■ **Exercise instructions**
Could you find every line in the entries below that holds the word "Face" and copy it?

■ **Dataset records**
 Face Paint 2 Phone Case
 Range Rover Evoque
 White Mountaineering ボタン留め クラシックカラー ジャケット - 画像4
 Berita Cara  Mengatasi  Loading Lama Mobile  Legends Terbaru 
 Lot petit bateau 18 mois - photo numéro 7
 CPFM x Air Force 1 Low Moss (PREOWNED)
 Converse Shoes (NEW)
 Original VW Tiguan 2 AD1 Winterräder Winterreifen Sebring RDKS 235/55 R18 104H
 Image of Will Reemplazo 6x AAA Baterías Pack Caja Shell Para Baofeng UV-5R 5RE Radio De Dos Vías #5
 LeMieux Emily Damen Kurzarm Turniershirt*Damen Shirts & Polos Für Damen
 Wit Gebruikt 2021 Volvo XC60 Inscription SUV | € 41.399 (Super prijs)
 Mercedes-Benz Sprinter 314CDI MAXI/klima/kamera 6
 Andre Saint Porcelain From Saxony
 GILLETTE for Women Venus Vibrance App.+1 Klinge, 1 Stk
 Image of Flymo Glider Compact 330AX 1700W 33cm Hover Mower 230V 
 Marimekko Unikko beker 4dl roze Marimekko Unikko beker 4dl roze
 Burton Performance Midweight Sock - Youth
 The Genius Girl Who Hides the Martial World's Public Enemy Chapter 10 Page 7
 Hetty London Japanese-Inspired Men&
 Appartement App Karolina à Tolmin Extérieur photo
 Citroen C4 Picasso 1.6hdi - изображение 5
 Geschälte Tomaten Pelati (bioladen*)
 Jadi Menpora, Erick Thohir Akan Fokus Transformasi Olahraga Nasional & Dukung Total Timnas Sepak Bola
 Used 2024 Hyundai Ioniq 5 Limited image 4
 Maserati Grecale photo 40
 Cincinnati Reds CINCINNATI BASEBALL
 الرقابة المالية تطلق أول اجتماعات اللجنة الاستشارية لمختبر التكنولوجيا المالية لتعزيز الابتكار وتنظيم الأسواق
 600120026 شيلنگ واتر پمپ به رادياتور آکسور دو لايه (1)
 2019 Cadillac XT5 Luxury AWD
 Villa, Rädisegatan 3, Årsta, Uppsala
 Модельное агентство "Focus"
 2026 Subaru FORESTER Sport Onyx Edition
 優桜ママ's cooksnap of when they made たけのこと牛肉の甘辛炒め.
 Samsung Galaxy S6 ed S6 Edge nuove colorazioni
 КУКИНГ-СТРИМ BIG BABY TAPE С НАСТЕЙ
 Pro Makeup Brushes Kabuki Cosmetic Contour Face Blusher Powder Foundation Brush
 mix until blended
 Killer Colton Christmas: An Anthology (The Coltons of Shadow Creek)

■ **Result of the exercise**
 Face Paint 2 Phone Case
 Pro Makeup Brushes Kabuki Cosmetic Contour Face Blusher Powder Foundation Brush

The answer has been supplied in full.